Task goal> Write out exactly the lines below from the one containing "0.86ct Emerald and" to the last, both ends kept, and nothing more; skip all pictures.

Data entries>

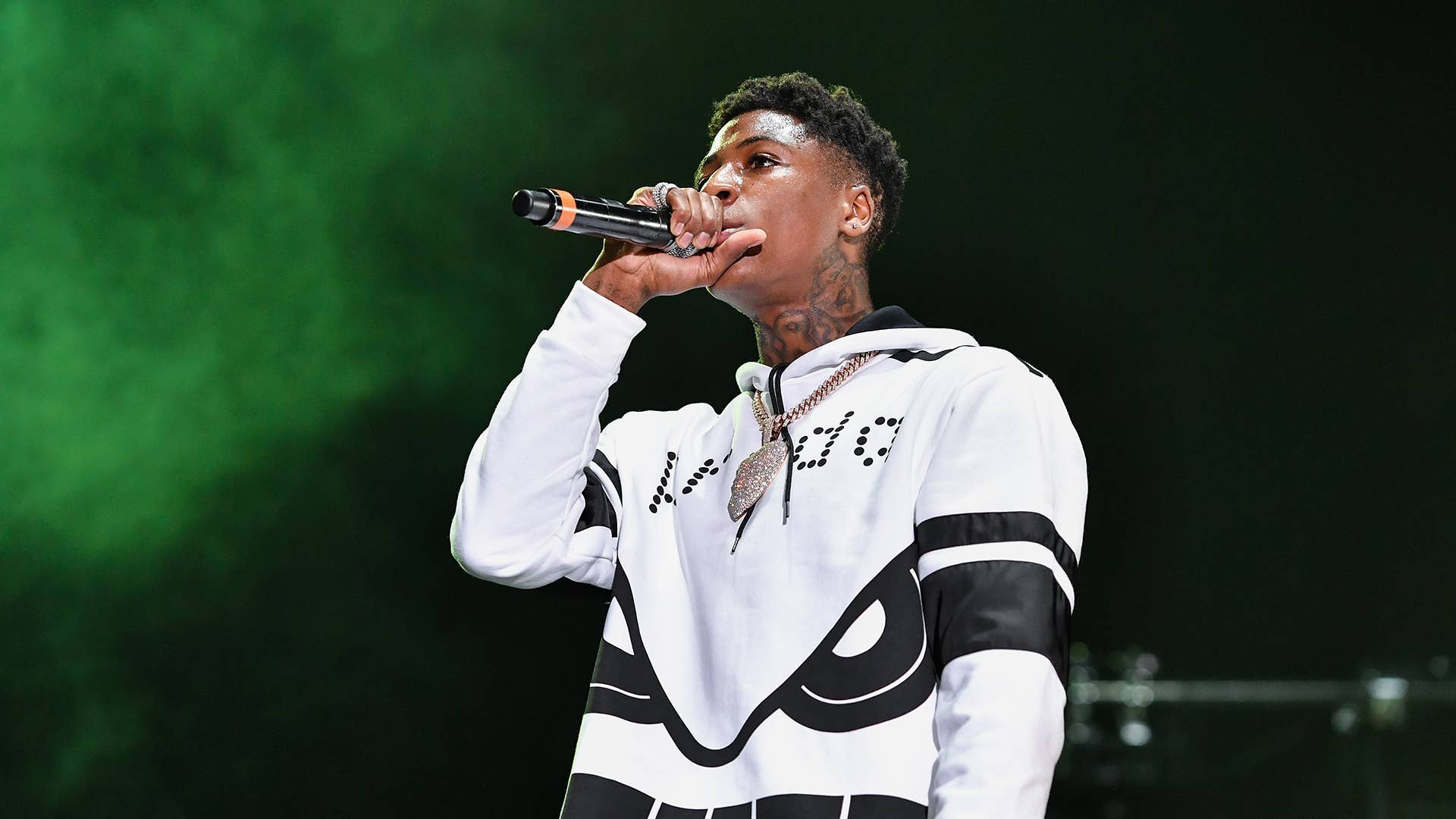 NBA YoungBoy performs during Lil WeezyAna at Champions Square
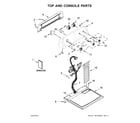 Whirlpool 4KWED4705FW0 top and console parts diagram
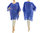 Lagenlook Sommer Tunika Strandkleid mit Fransen, Leinen in kobalt blau 38-50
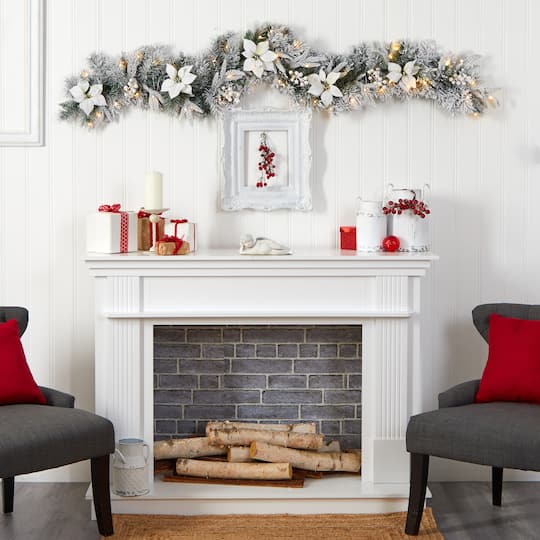 6ft. Pre-Lit LED Flocked Poinsettia & Berry Christmas Garland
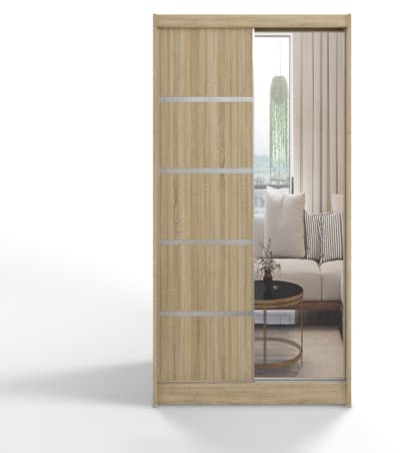 ML Furniture D3 Schiebetüren Kleiderschrank 100 cm mit Spiegel - Schlafzimmermöbel, Aufbewahrung - Mehrzweckschrank - Farbe: Sonoma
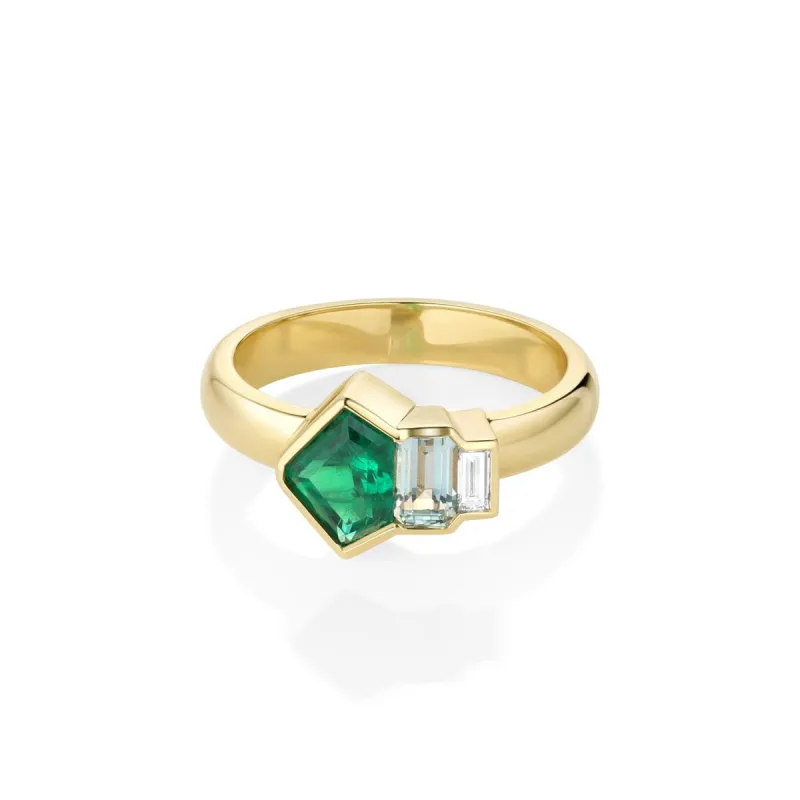0.86ct Emerald and Diamond Linear Band sold by Marrow Fine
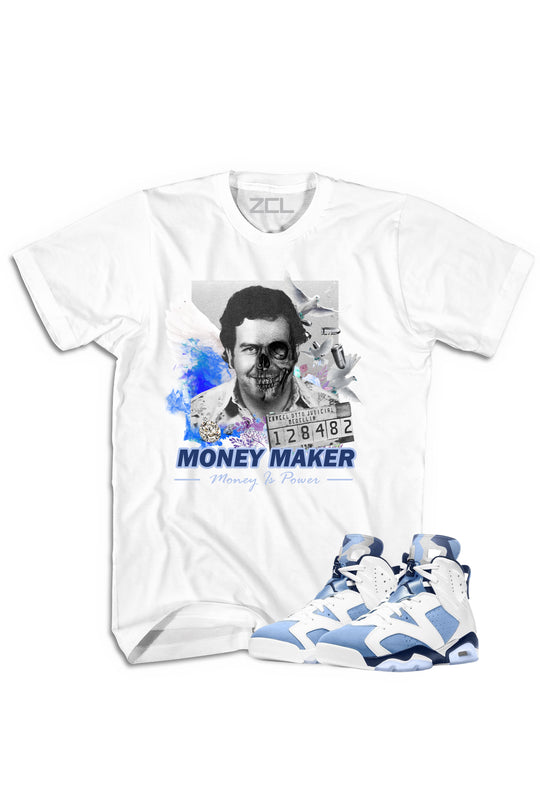 Air Jordan 6 "Money Maker" Tee UNC White - Zamage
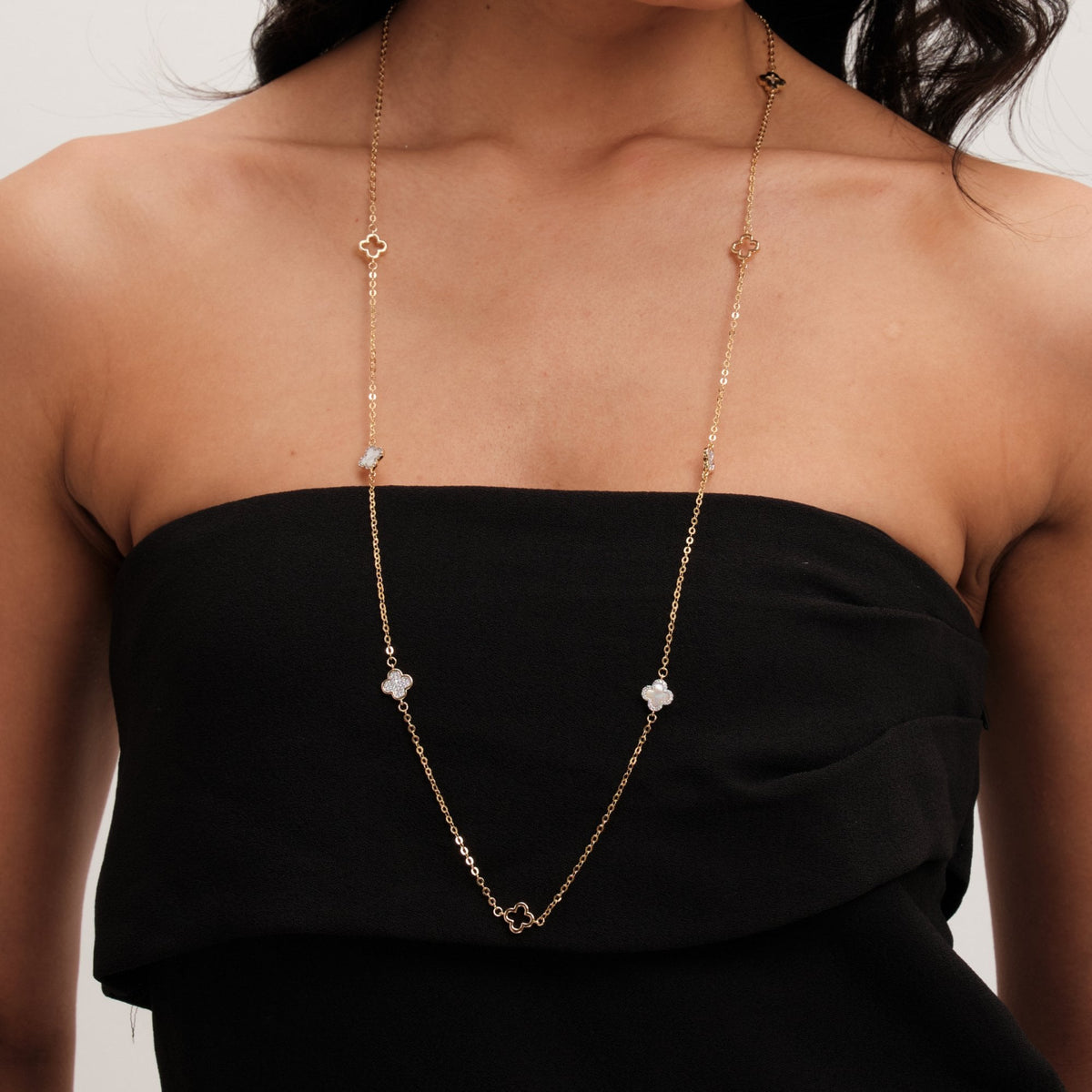 Jon Richard Gold Plated Long Clover Necklace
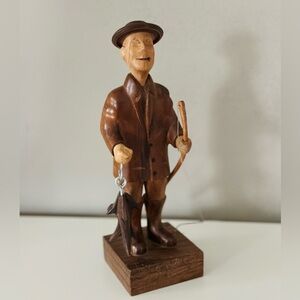 Vintage Handcrafted Wooden Fisherman Figurine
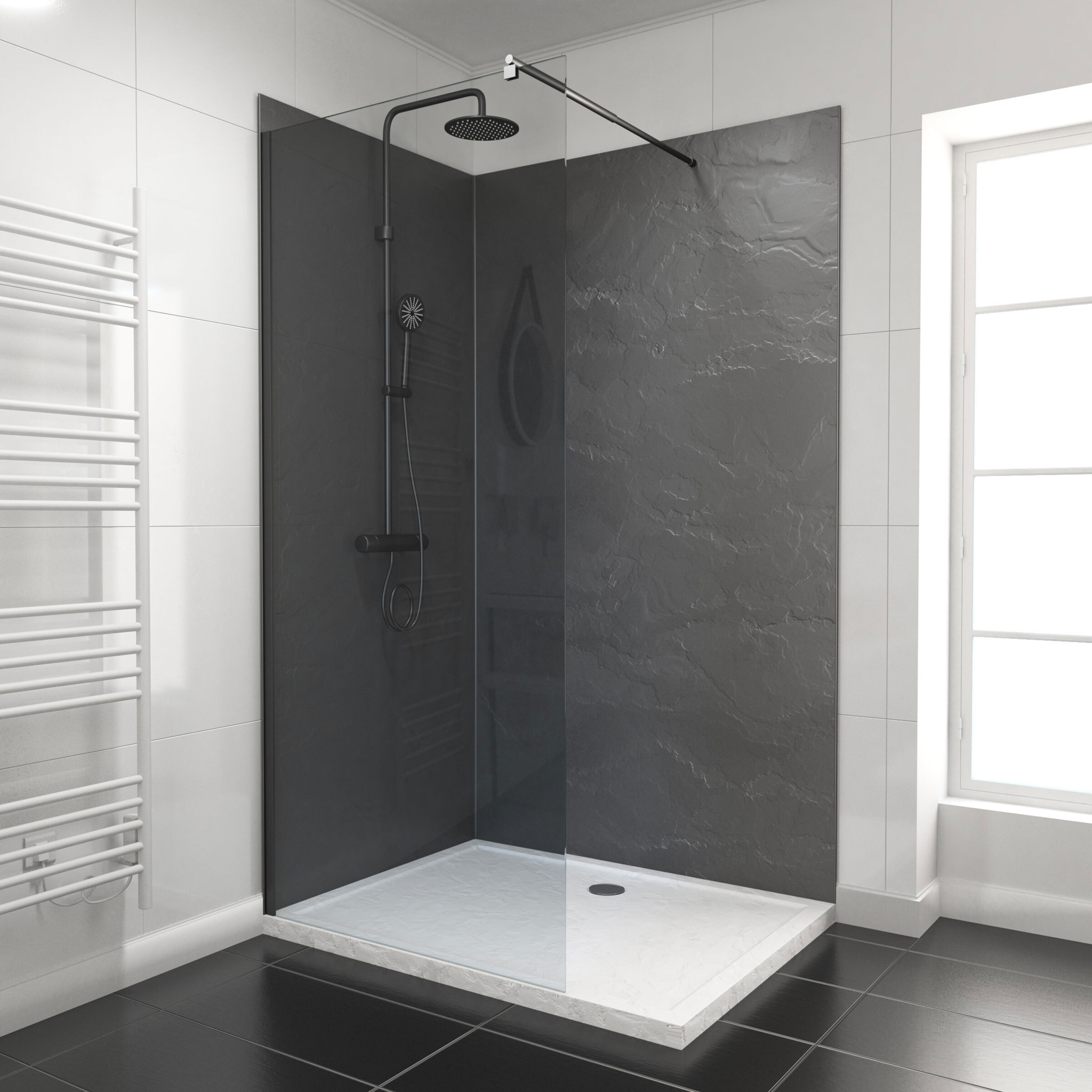 Pack de 2 Panneaux Muraux Pierre Ardoise 90+120x210 cm avec Profilés NOIR MAT - STONE'IT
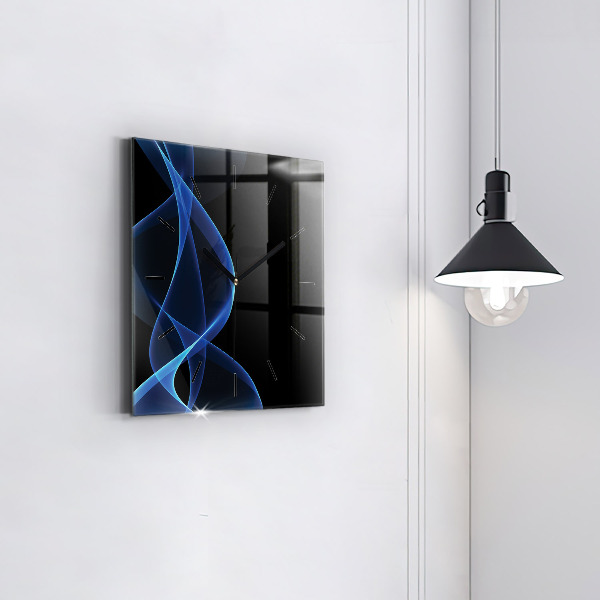 Square glass wall clock Blue lines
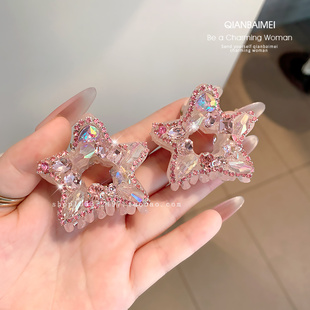 气质甜美发夹小号抓夹精致水晶五角星粉色发抓前额侧边夹发卡头饰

Response area>
0.86ct Emerald and Diamond Linear Band sold by Marrow Fine
 Air Jordan 6 "Money Maker" Tee UNC White - Zamage
 Jon Richard Gold Plated Long Clover Necklace
 Vintage Handcrafted Wooden Fisherman Figurine
 Pack de 2 Panneaux Muraux Pierre Ardoise 90+120x210 cm avec Profilés NOIR MAT - STONE'IT
 Square glass wall clock Blue lines
 气质甜美发夹小号抓夹精致水晶五角星粉色发抓前额侧边夹发卡头饰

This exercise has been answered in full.